Introduction

A detailed examination of the upper airway (UA) is paramount for the study of patients with obstructive sleep apnea hypoapnea syndrome (OSAHS); in addition, to provide an overview of the anatomy of the UA, it will establish a topographic diagnosis of obstruction, identifying potentially collapsible areas, which is a fundamental aspect when alternative treatments to CPAP therapy are necessary. Several authors have shown that incorrect or insufficient use of selection criteria for planning surgical treatment may be responsible for failures related to surgery in patients with OSAHS [13]. This is why topographic diagnosis is essential to improve the selection of surgical candidates and to predict its success; besides, it helps to evaluate other therapeutic alternatives to CPAP such as mandibular advancement devices (MAD) [4, 5]. Nevertheless, awake UA examination does not reflect what occurs during sleep when the muscle tone of the UA is decreased.

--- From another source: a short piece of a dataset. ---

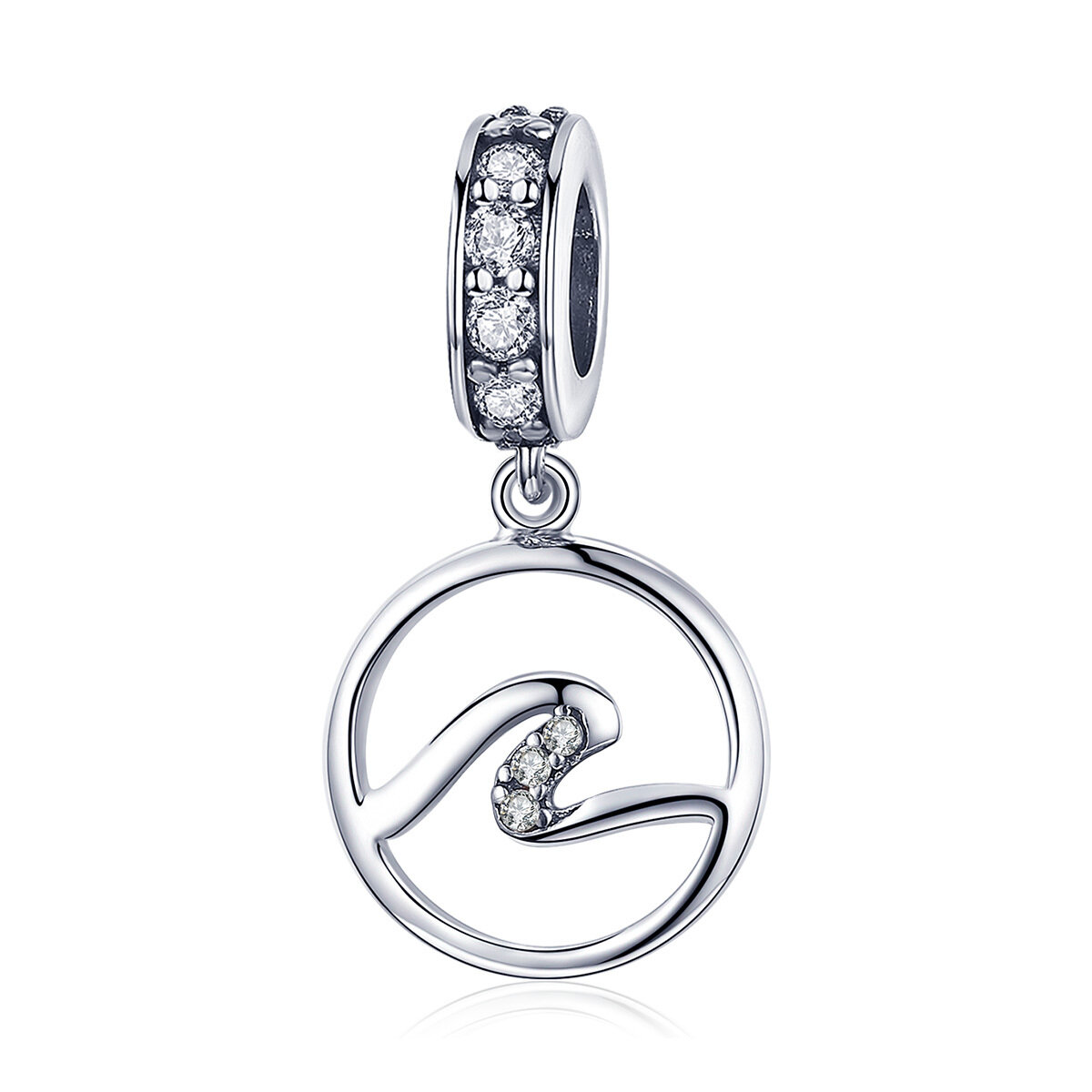 GemKing SCC1031 the Waves S925 Sterling Silver Charm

Drug-induced sedation endoscopy (DISE) is a technique that involves pharmacological induction of sleep so that the UA can be explored with the aid of a flexible endoscope, defining vibration and collapsible areas in patients with chronic snoring and OSAHS [6]. This technique was originally described in 1991 by Croft and Pringle [7] and has been used in the evaluation of these patients since then. One can assess the pattern and degree of collapse of the UA, in a state that simulates natural sleep; therefore, it is considered a guiding tool in making treatment decisions, particularly in the surgical treatment [5, 8]. DISE has been validated in multiple studies [912], and it is considered a simple, safe, and cost effective technique [13, 14]. Some studies have demonstrated its usefulness in selecting candidates for surgery [3, 1518] while others address the difference between DISE and the awake UA, and its influence on treatment planning [17, 19, 20].

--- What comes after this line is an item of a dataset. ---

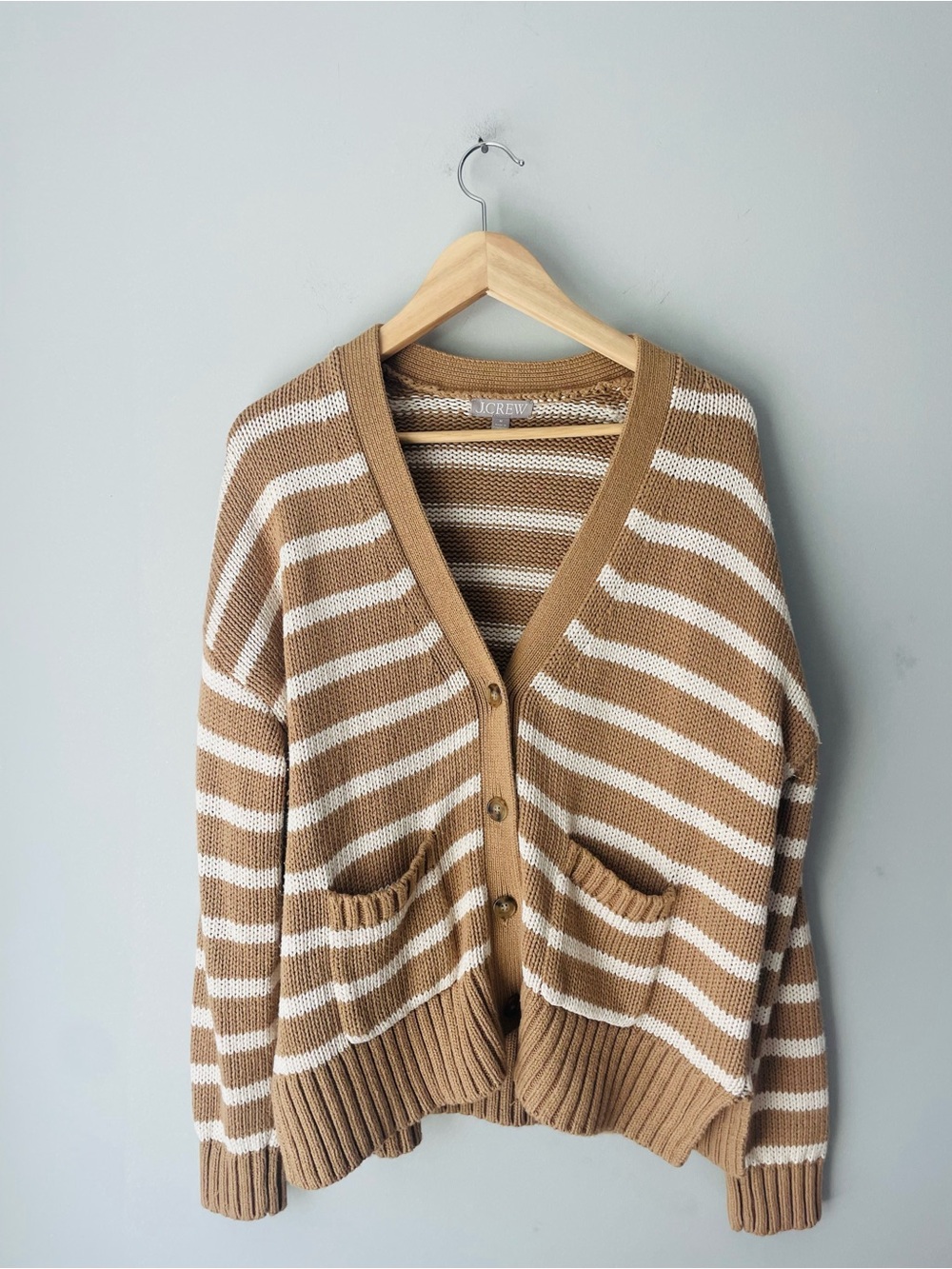 J. Crew Heritage Knit Tan and White Striped Cardigan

Some publications point out the subjectivity of the technique and argue that experience may have an important role on the reliability of the results [2123]. Nevertheless, the influence of experience on treatment planning has not been assessed yet. Therefore, this study was conducted in order to know the influence of experience on the selection of alternative treatments to CPAP. Secondary aims of the study were the knowledge of the agreement on pattern and degree of collapse of the different areas of the UA between an experienced observer and an observer in training.

Material and methods

It is a cross-sectional study performed in a university hospital. Thirty-one preoperative DISE videos from our archive were randomly selected. All the videos belonged to OSAHS patients seeking for alternative therapies to CPAP.

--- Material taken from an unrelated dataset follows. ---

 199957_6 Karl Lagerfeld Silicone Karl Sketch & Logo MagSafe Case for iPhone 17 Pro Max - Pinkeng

The videos were independently and blindly evaluated by an expert observer and an observer in training (otorhinolaryngology resident). The observers were unaware of the identification and physical examination of the patient and prescribed treatment. DISE findings and treatment indication of each observer were then compared. The study was approved by the local ethical committee.

Drug-induced sedation endoscopy

DISE had been performed in our hospital’s outpatient surgery unit, the sedation agent used was propofol administered with a target-controlled infusion (TCI) pump. No anticholinergic or topical anesthesia of the nose was used during the procedure. Each video corresponded to a single patient and had duration of around 10 to 15 min.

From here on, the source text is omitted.